→ Exercise inputs
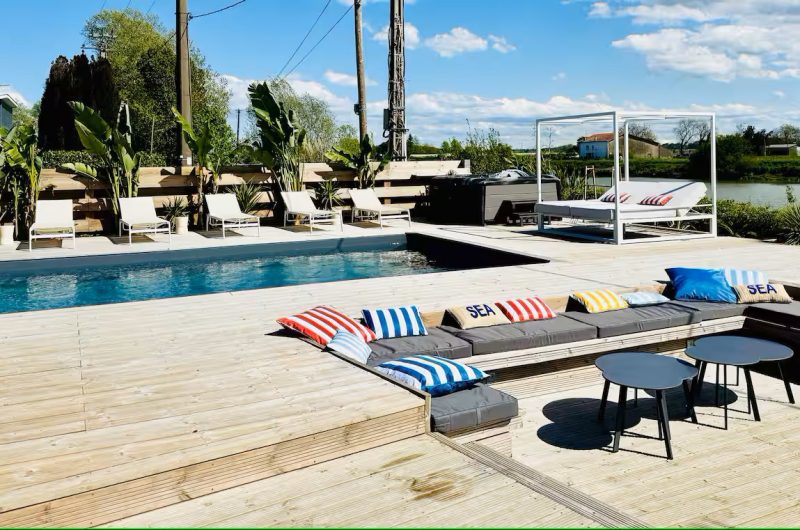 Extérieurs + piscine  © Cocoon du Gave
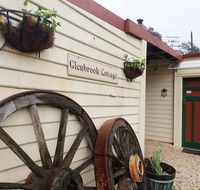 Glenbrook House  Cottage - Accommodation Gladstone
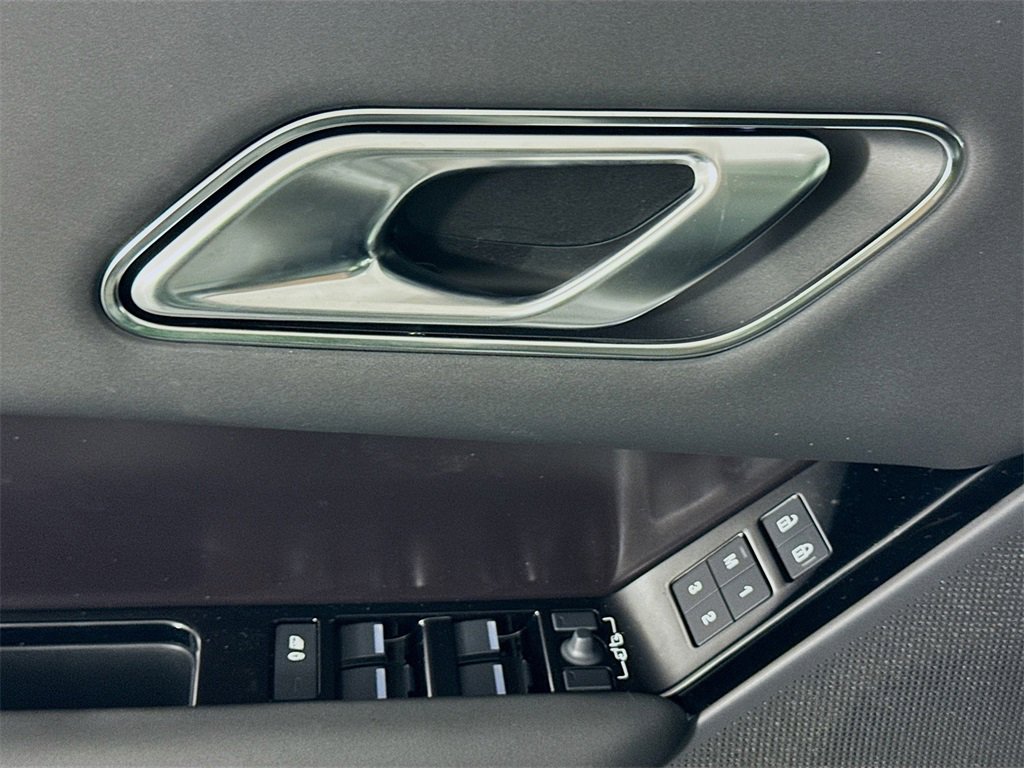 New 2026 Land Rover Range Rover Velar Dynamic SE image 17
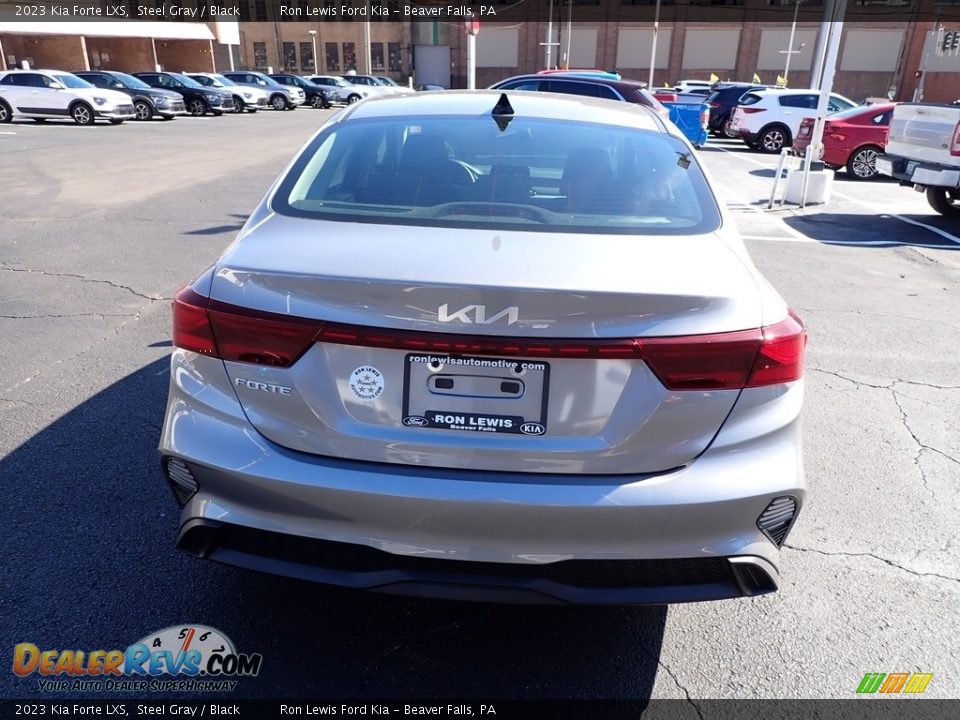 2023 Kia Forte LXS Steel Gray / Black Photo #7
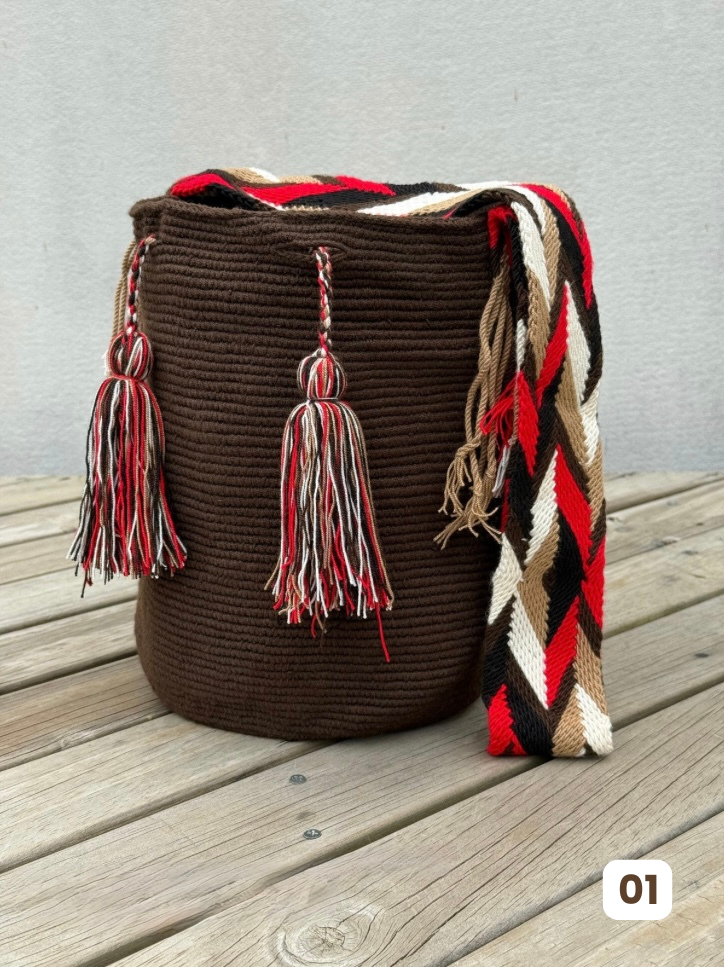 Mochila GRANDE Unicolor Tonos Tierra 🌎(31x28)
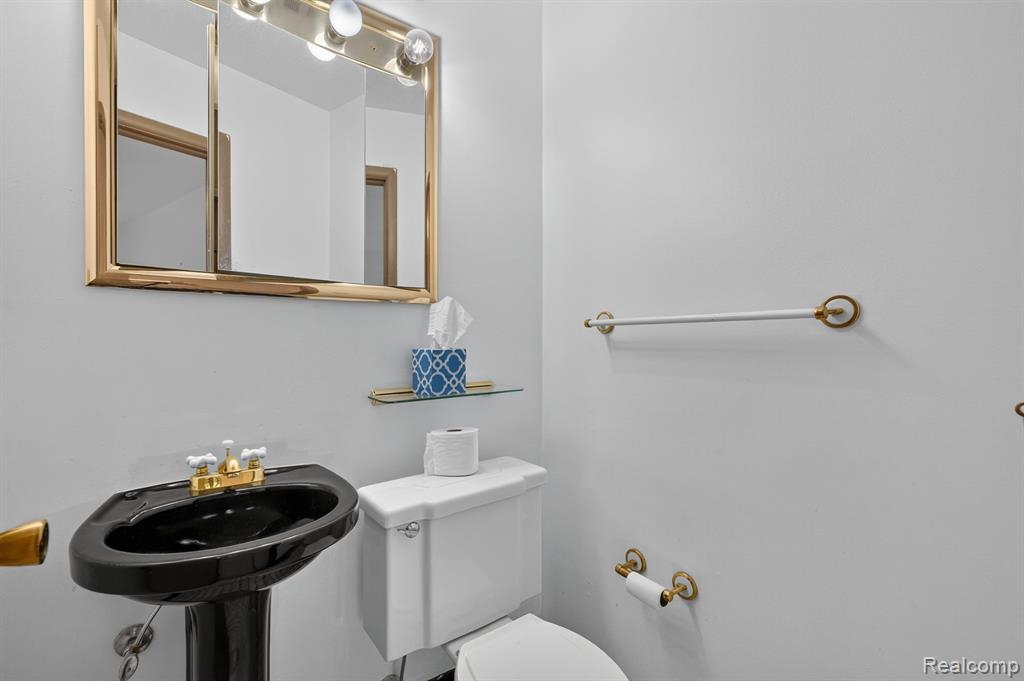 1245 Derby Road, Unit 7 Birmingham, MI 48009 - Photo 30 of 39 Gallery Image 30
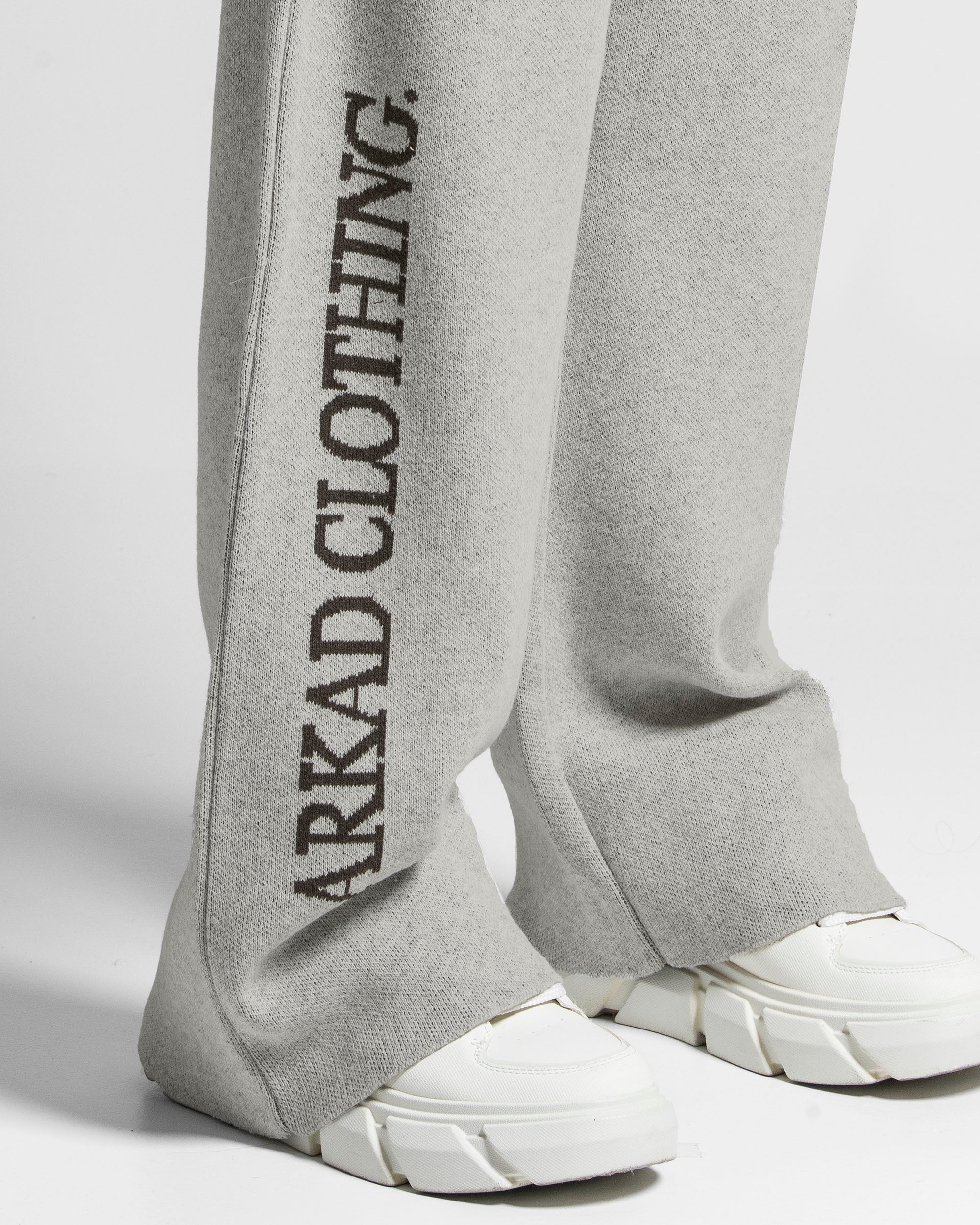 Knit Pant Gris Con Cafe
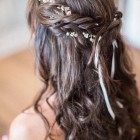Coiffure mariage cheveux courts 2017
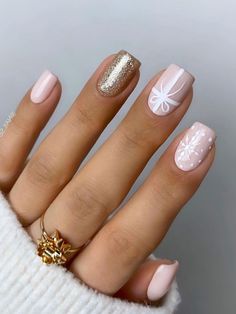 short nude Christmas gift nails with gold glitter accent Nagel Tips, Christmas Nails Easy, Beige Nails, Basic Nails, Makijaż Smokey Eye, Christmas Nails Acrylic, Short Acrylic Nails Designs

→ What needs to be done
Return only the part above that opens with the line containing "Mochila GRANDE Unicolor" and closes with the line containing "Coiffure mariage cheveux courts 2017", exactly and with both ends, skipping the pictures.

→ Response to this exercise
 Mochila GRANDE Unicolor Tonos Tierra 🌎(31x28)
 1245 Derby Road, Unit 7 Birmingham, MI 48009 - Photo 30 of 39 Gallery Image 30
 Knit Pant Gris Con Cafe
Coiffure mariage cheveux courts 2017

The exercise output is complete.